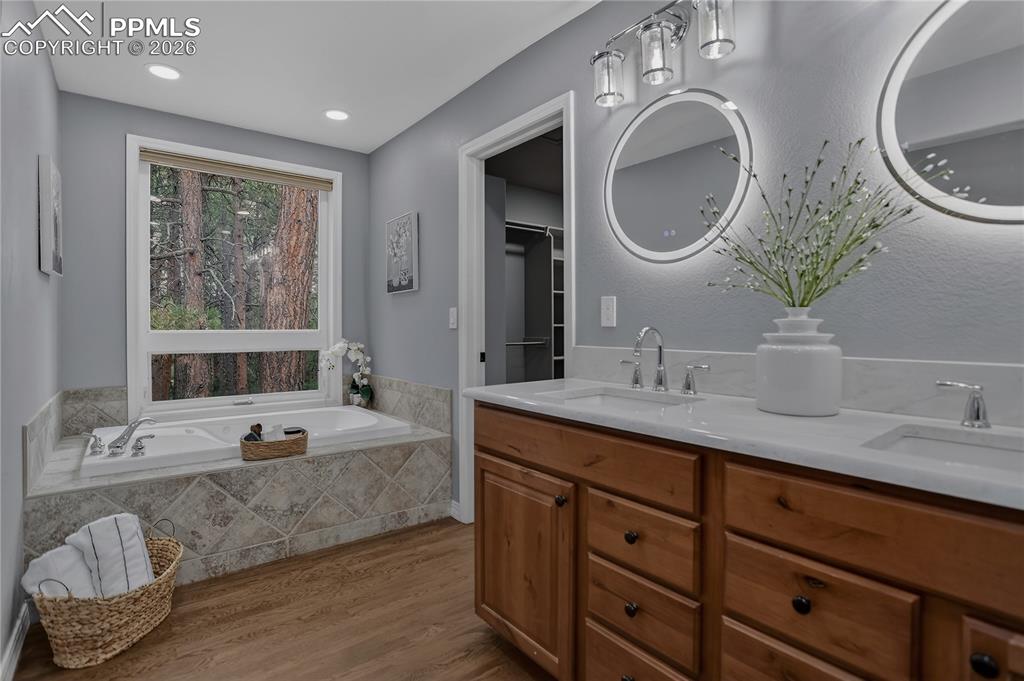 Image 24 of 48: Ensuite primary bath has a jetted tub and dual vanities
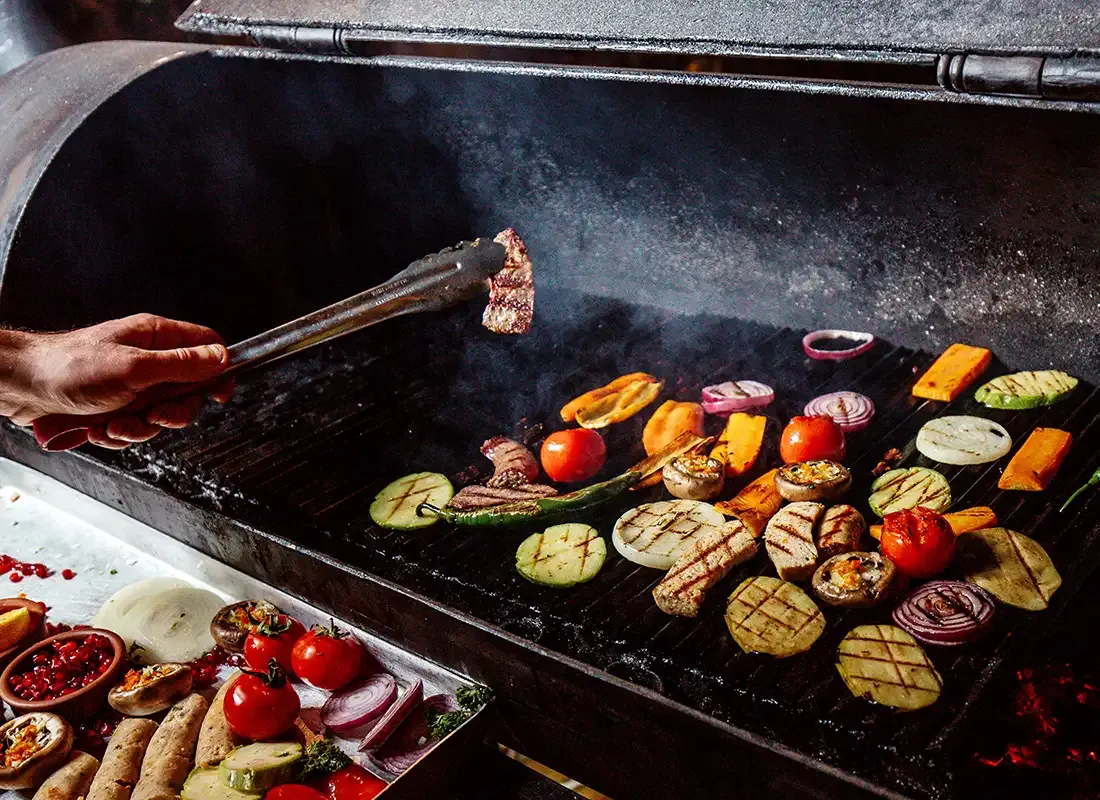 Buntes Gemüse und pflanzliche Würstchen auf einem Grill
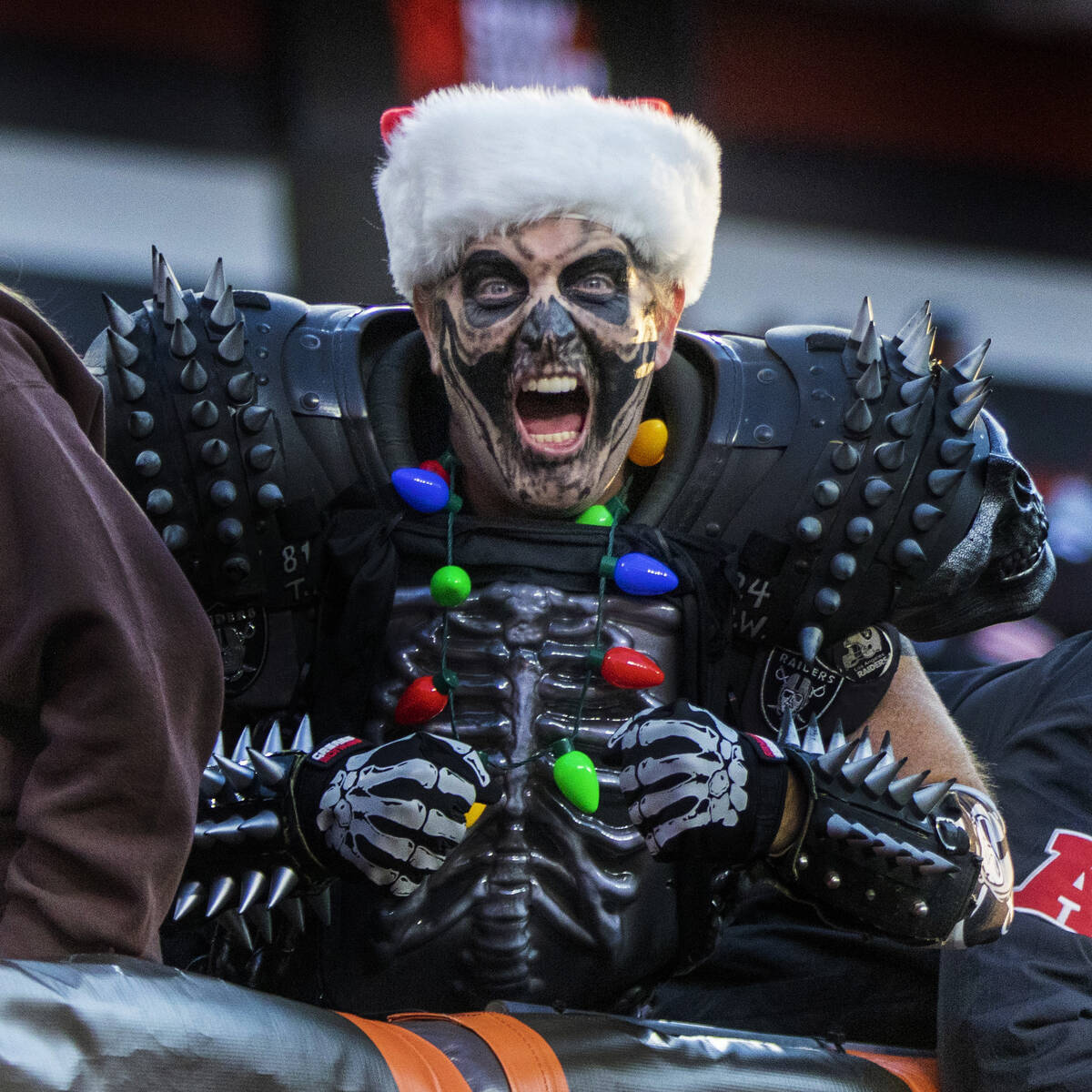 A Raiders fan poses before an NFL football game against the Cleveland Browns on Monday, Dec. 20 ...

YOUR OBJECTIVE: Without the pictures, repeat every line of the material above exactly.

REPLY:
 Image 24 of 48: Ensuite primary bath has a jetted tub and dual vanities
 Buntes Gemüse und pflanzliche Würstchen auf einem Grill
 A Raiders fan poses before an NFL football game against the Cleveland Browns on Monday, Dec. 20 ...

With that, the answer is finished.